Disclaimer: I only took a brief look. Doing the reading and writing this post took maybe 30 minutes. I may have missed something, but unlikely it would have a major effect on the conclusions.

Whenever I hear of these things, I skip all the fluff (journalist interpretations/summaries) and go straight to the technical report/paper. In this case, it’s here: Philosophy for children. So what did they do?

So, a randomized trial using the delay design. In this way, all the schools eventually get the treatment and so it’s easier to convince schools to sign up. One then does the comparison after the treatment has been given, but before the delay group get their treatment.

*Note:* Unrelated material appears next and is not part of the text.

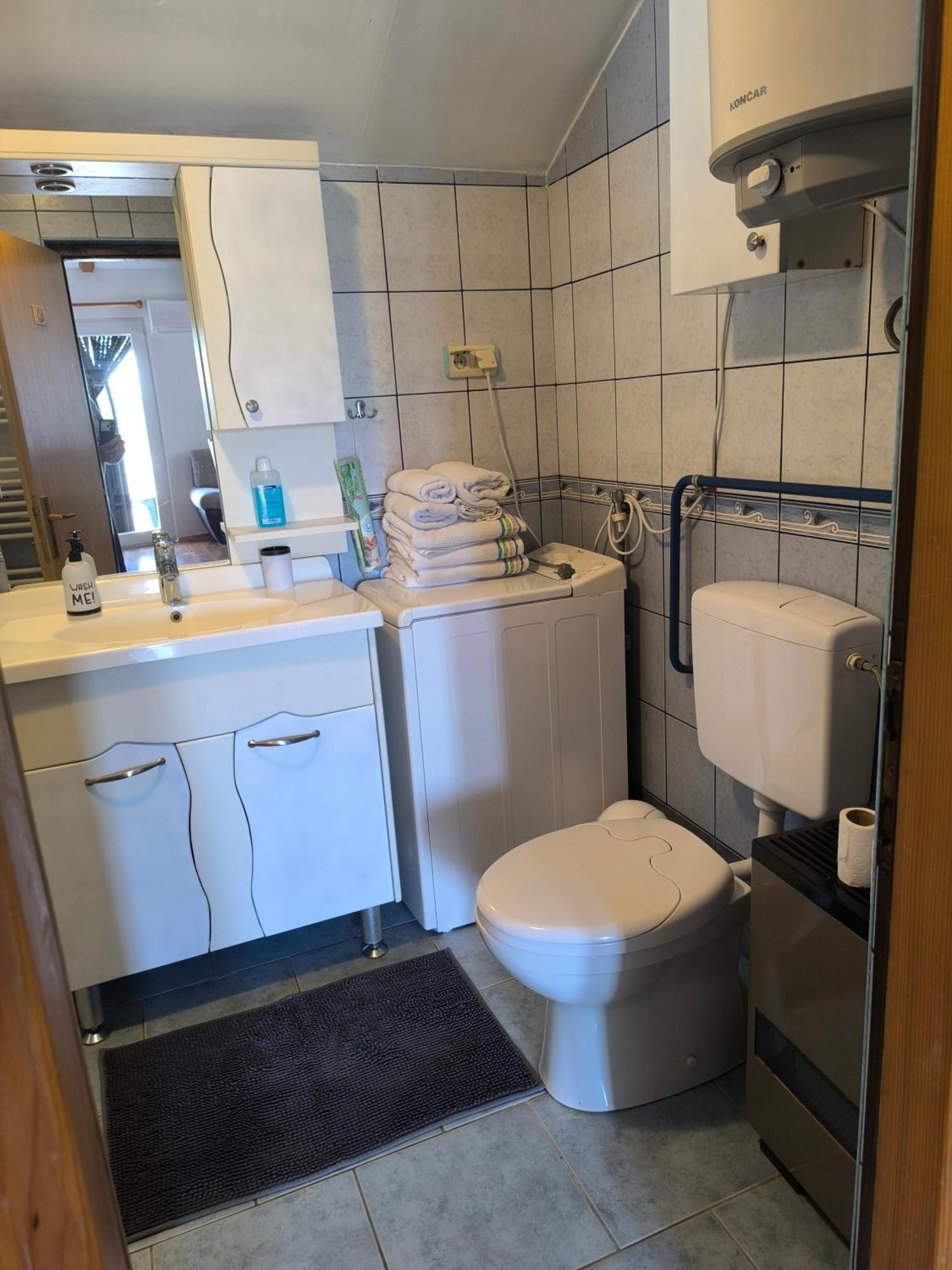Apartman Lara Krapina Buitenkant foto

The price is that one has no ability to do a longitudinal comparison.

So, we note that the randomization is at the school level and there’s only 48 schools, so there’s good room for uneven assignment. They did check for this and didn’t find anything obvious, except from more non-UK natives in the treatment group.

I note that the balance of schools in uneven. Not sure why this is the case exactly. Perhaps they rolled the dice for each school independently which will only tend to get a distribution near 50%. I would have had drawn from a limited pool to force equal assignment at the school-level (i.e. 24-24 split instead of 22-26 actual).

What were the outcomes? There were two: Scholastic achievement and cognitive ability (CA, intelligence). The fist was measured with 3 standardized tests on reading, math and writing. The second was measured via the CAT-4 battery also used by e.g. Deary et al 2007.

So what did they find? I compiled their results into a table:

Outcome Subtype FSM d Pre-score – treatment Post-score – treatment Score change – treatment Pre-score – control Post-score – control Score change – control Pre-score difference
Achievement Reading All 0.12 -0.08 -0.02 0.06 0.08 0.02 -0.05 -0.16
Achievement Writing All 0.03 -0.07 -0.05 -0.05 0.07 0.06 -0.02 -0.14
Achievement Math All 0.10 -0.09 -0.04 -0.04 0.08 0.04 -0.04 -0.17
Cognitive ability General All 0.07
Cognitive ability Verbal All 0.08
Cognitive ability Quantitative All -0.01
Cognitive ability Non-verbal All 0.04
Cognitive ability Spatial All 0.07
Achievement Reading FSM 0.29 -0.40 -0.16 0.24 -0.10 -0.12 -0.02 -0.30
Achievement Writing FSM 0.17 -0.36 -0.25 0.12 -0.10 -0.12 -0.02 -0.26
Achievement Math FSM 0.20 -0.36 -0.28 0.09 -0.03 -0.11 -0.08 -0.33
Cognitive ability General FSM -0.02
Cognitive ability Verbal FSM
Cognitive ability Quantitative FSM
Cognitive ability Non-verbal FSM
Cognitive ability Spatial FSM

(FSM = Free school meal eligible, i.e. means poor.)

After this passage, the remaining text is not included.